I think I am good at lying, I think I've been practising it recently. The white sort, the sort that placates. I used to think truth was all.

Recliner and tipper
In the mobility shop I had enjoyed riding in the chairs because of the buttons and the way they cup you safe.
'If he doesn't want it,' I thought, 'I'll have it.'
'This is not something to panic over,' I thought. I enjoy reclining, but then I have the choice. I know how to make the buttons do what they should and not what they shouldn't.
We don't mention the chair to him before I leave. But once I'm in the street, I can't stop thinking about it, how he won't want it and we've ordered it to arrive in two weeks. Nearly a thousand pounds.

Two weeks later he is back in hospital and he gets diagnosed with advanced lung cancer.
And we have been asked about resuscitation.
He says no.

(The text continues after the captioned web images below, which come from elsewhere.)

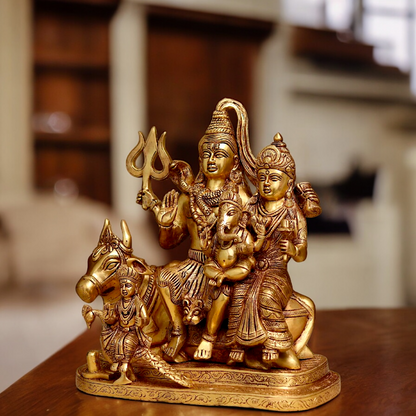 Bhagwan Shiva Family shiv Parivar Solid Brass Idol - 14 inches Nikuressence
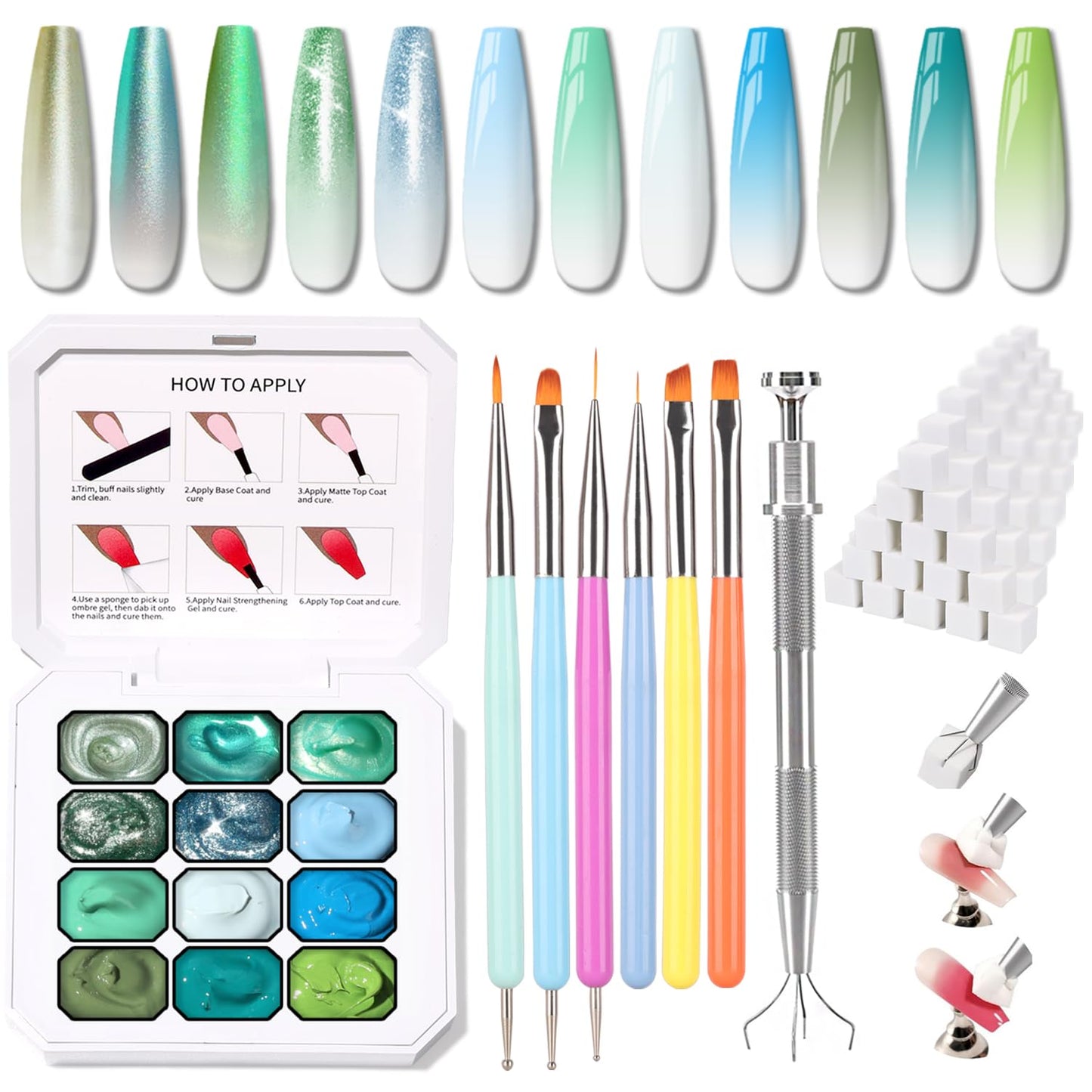 Sponge Pat Paint Nail Gel, Ombre Nails Gradient Gel Nail Blush Blooming Aura Nails Drawing Stripper Floral Painting DIY Nail Art, No Wipe, UV/LED Curing (12 Colors L)
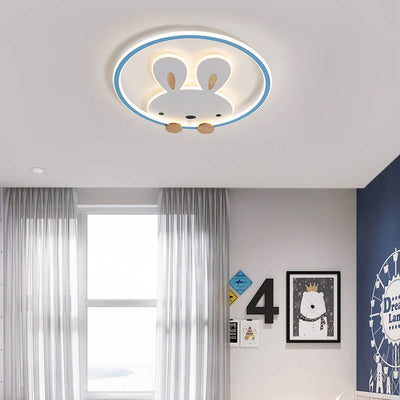 Childlike Modern Simple Cartoon Rabbit Design LED Flush Mount Light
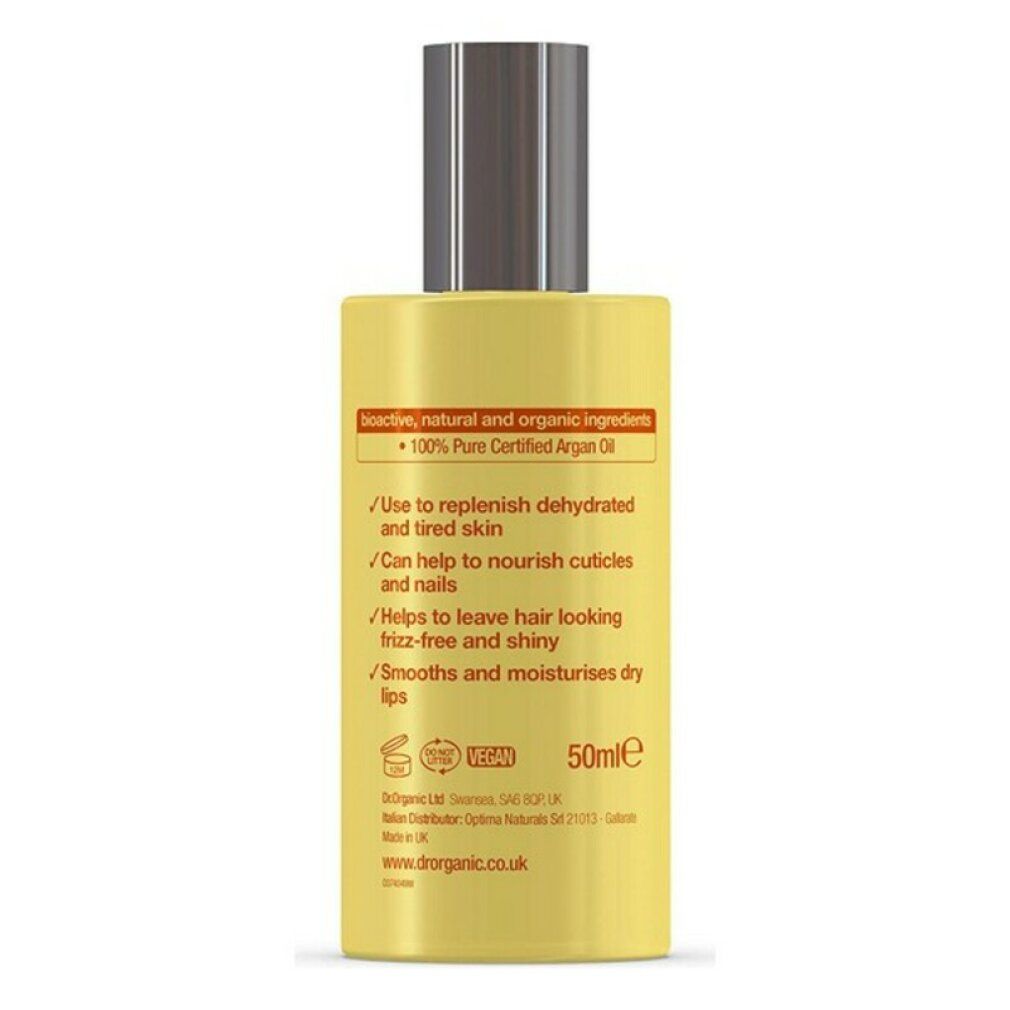 Rückseite der Dr. Organic Moroccan Argan Oil Flasche. Text über Inhaltsstoffe und Anwendung. Aufschrift: 100% Pure Certified Argan Oil.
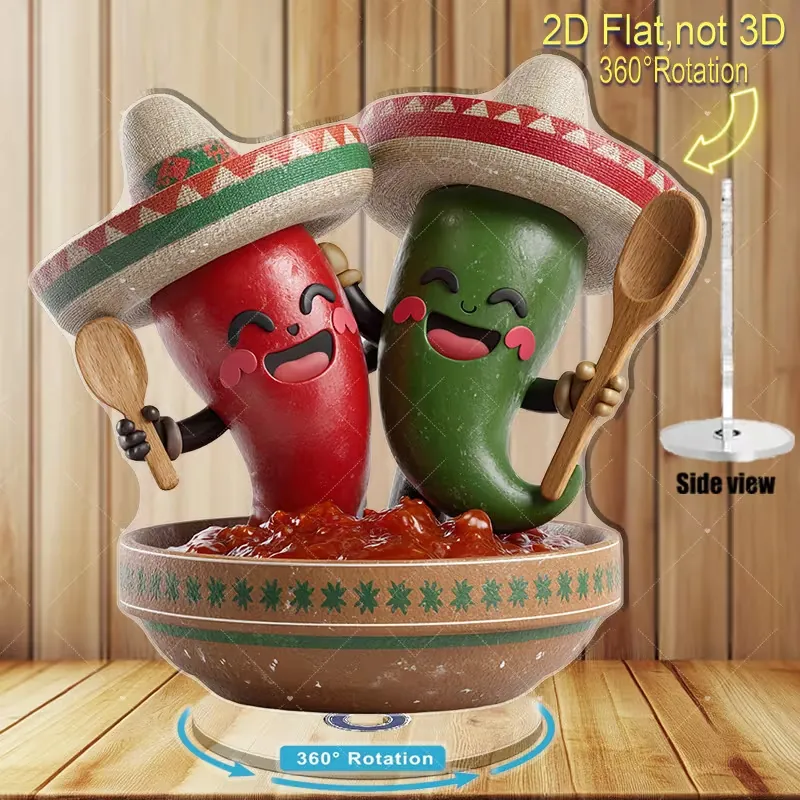 2D Flach Acryl Chili Rotierende Verzierung Mexikanischer Sombrero Cartoon Figur Schreibtisch Dekoration Party Souvenir Heim Geschenk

We all say no.

I write him a card with all the things I want to say
and carry it in my bag
We move his old armchair into the conservatory in preparation for the new chair. We move the sofa into the already overcrowded conservatory dining room to make way for the hospital bed. I count twelve seats. Why does my mother have so many seats?
A hospital bed arrives. Dad goes into hospital.
On Monday morning I can't stop crying. I know I have to talk to dad about things at his bedside, say the things I want to say. Mum thought I could talk about my new novel.
I want to ask him to haunt me because I like the idea of it never being over. I like the idea that there will be proof of whether ghosts exist if we make a pact. Then I remember, he never was that kind of dad. He didn't know how to play with me when I got older.
I want to tell him my novel is going to have his name at the front and it will be called 'The Short Tall Summer'.
I want to say I forgive him and he can forgive me and I know he did his best and I thank him for teaching me to swim and seeing me through art college and sorry I was such a needy girl, but it was only because I wanted more of him than he could possibly ever give.
I want to say goodbye in a good clear way and that we will look after mum and that the life was good he gave us, although it was sometimes not, but it mostly was. I want him to hear it all so he can relax.

Two days later and I am alone with him in the hospital room. The air conditioning is too cool, Mum and her sister slept the night in their coats. They have gone home to warm up and get rest. It feels like there could be much time ahead spent like this. There is a sense that we are camping out and it's a little bit exciting although it shouldn't be.
The Macmillan nurse tells me how the body works after I ask her to explain the biology of Dad. She says the fingertips lose their warmth and colour as the body stops.

Back at the flat a parrot clings onto the wall outside the window and stares at my girlfriend while she paints the window ledge. Its beady glare reminds her of dad. She told me if I had rung now at that point and say he's gone then she will know the parrot is my dad, though she does not believe in this sort of thing. Pantheism. The spirits of people in animals and birds.

It's all in the glare of the eyes
It is a Wednesday. We are all at the hospital and my mother confesses she has always disliked Wednesdays for no real reason she can remember. They are just when bad things happen.

After he died I whispered in his ear that I loved him. I can't get over the love that was in the room. How when all personality is stripped away that this was what was left. Mum stroked his arm and he took two last breaths, revived by her touch then gone.
I do not want to be haunted.
In the reclined position


Outside my kitchen window I watch the parrots go crazy.
Can I publish this? Without the beady eye of dad ever glaring at me again, without the fear of him being cross with me for talking about personal stuff and wanting to convey my feelings out loud?
I can, because he was there but is not here now.

Last night we tried to sell the chair on Ebay - no bids.
It remains in the back room of their house.